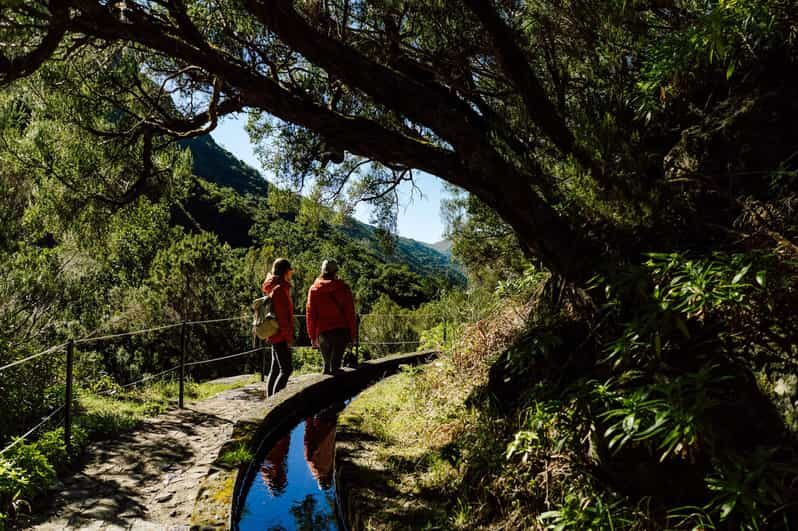 From Funchal/Caniço: Rabaçal Hike (25 Fontes) Bus Transfer - Pickup points around Funchal and Caniço: where you’ll actually meet your ride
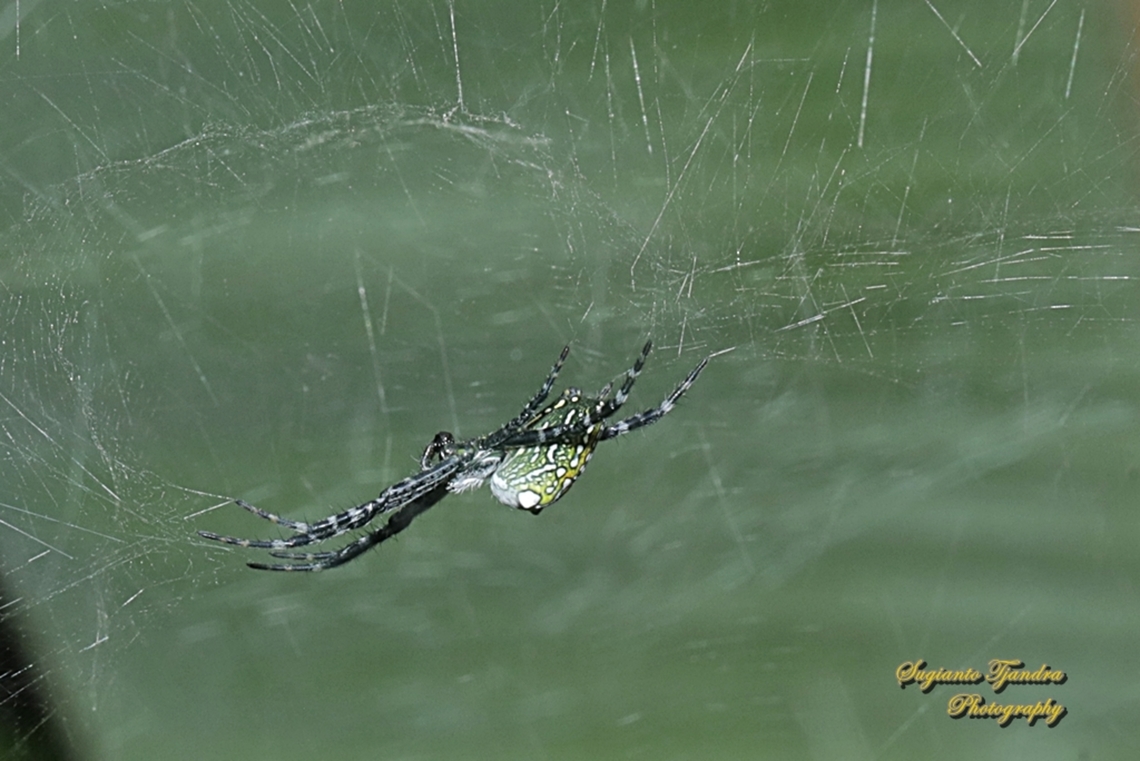 The Dome Tent-web spider (Cyrtophora moluccensis)  Cyrtophora moluccensis,Dome Tent Spider,Geotagged,Indonesia,Spring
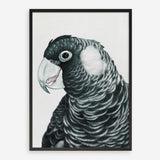 Shop Jimmy The Black Cockatoo Art Print a painted bird themed wall art print from The Print Emporium wall artwork collection - Buy Australian made fine art painting style poster and framed prints for the home and your interior decor room, TPE-228-AP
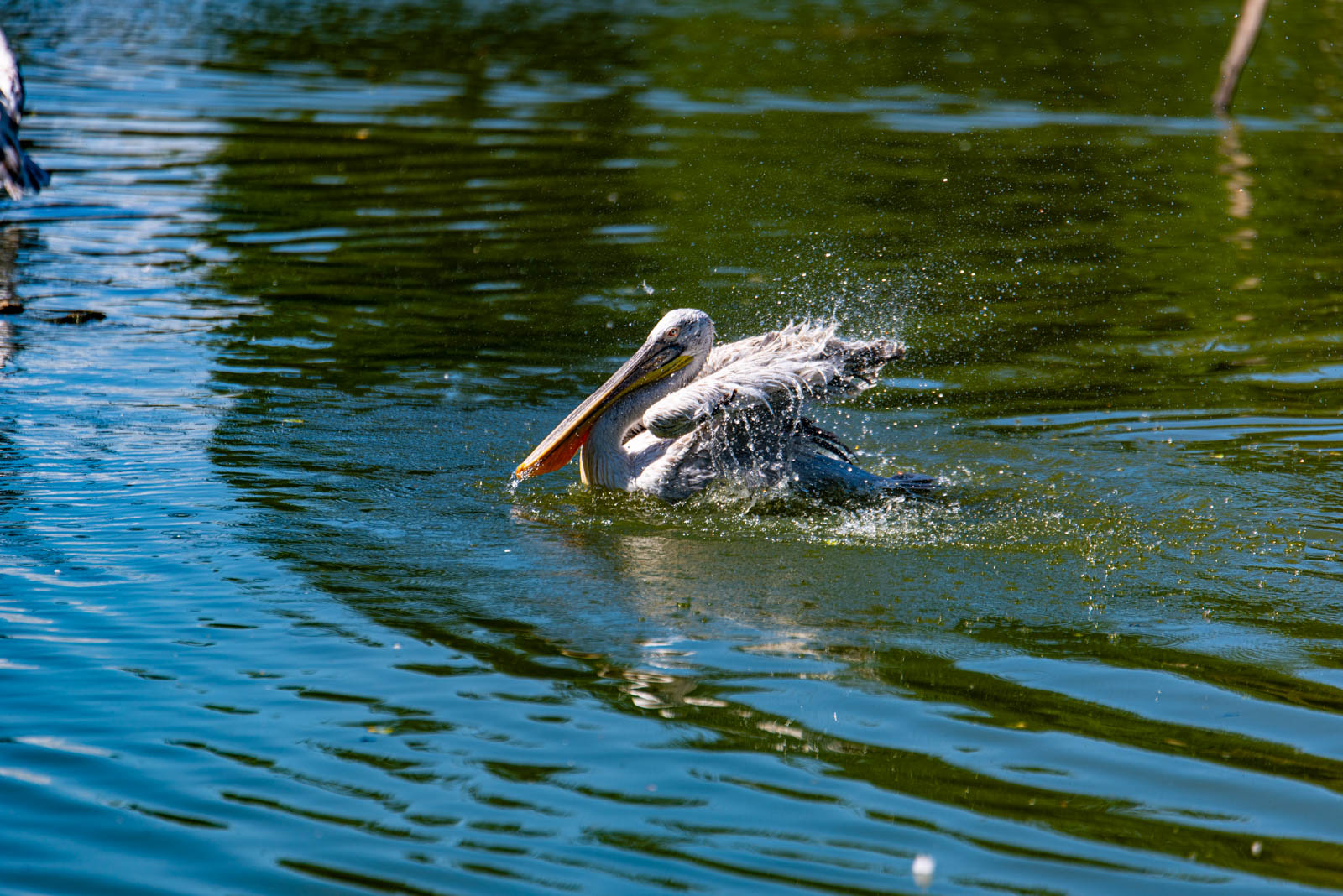 200524 164340 DSC 9309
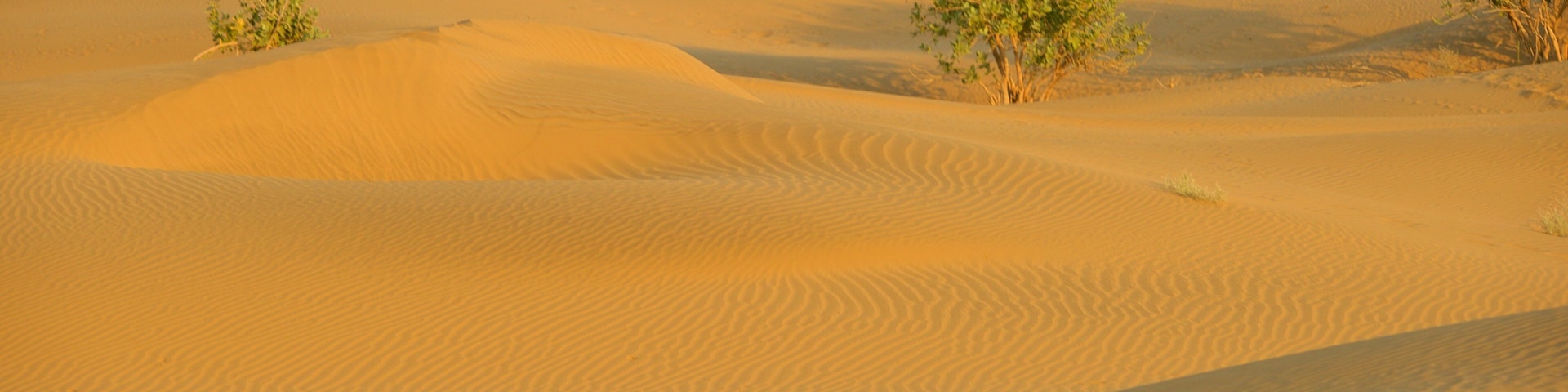 Dunas de arena de Khuri que incluye paisajes desérticos y situaciones tranquilas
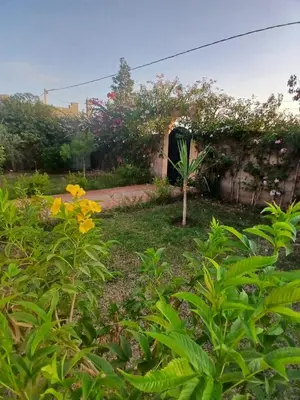 a garden with yellow flowers in front of a building at فيلا رياض عمران in Douar Blidene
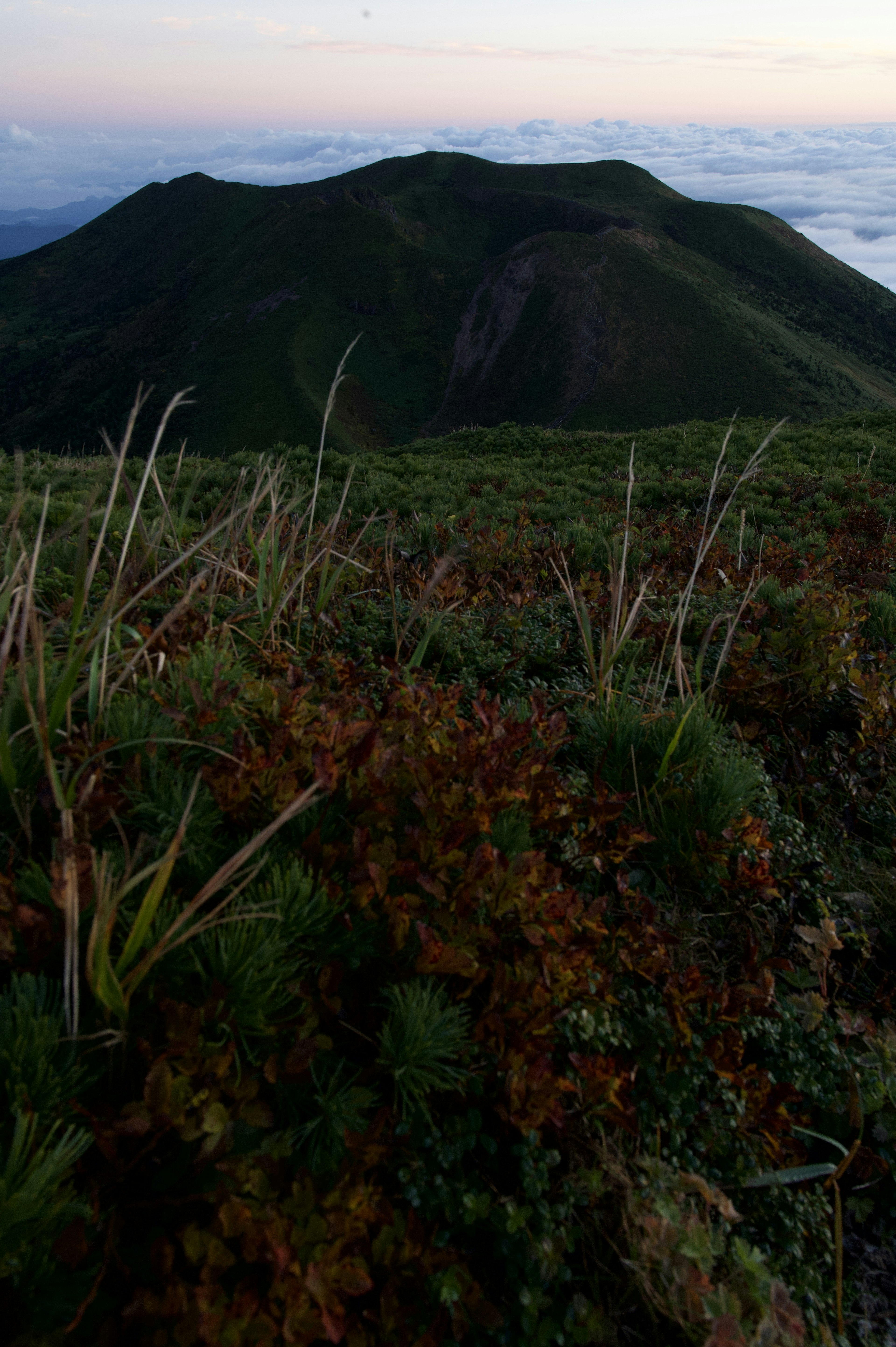 山の草原と遠くの山頂を見渡す風景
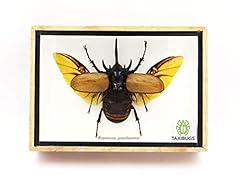 Real horned beetle for sale  Delivered anywhere in USA 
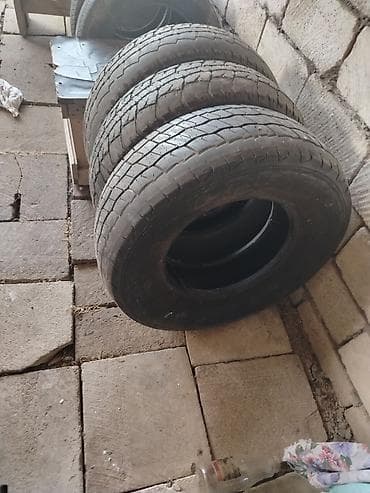 radius teker: 3 ədəd pikap təkəri — 2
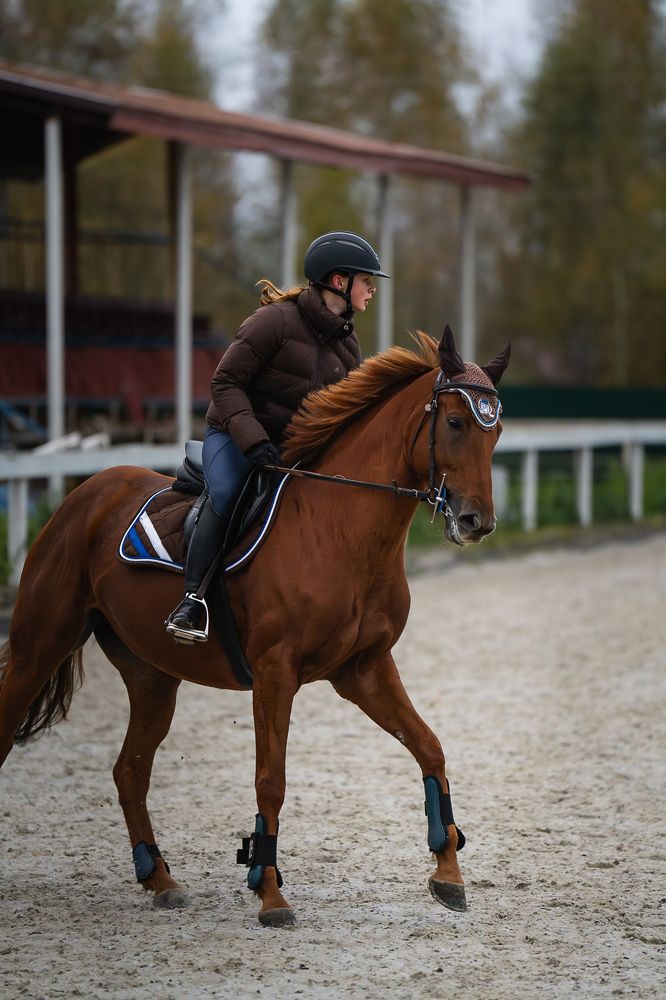 Photograph by Данил Шауба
****
Task prompt: After locating the line containing "200524 164340 DSC 9309" in the entries above, repeat only it and each later line through the end, exactly, without any pictures.

Solution below:
 200524 164340 DSC 9309
 Dunas de arena de Khuri que incluye paisajes desérticos y situaciones tranquilas
 a garden with yellow flowers in front of a building at فيلا رياض عمران in Douar Blidene
 山の草原と遠くの山頂を見渡す風景
 Real horned beetle for sale  Delivered anywhere in USA 
 radius teker: 3 ədəd pikap təkəri — 2
 Photograph by Данил Шауба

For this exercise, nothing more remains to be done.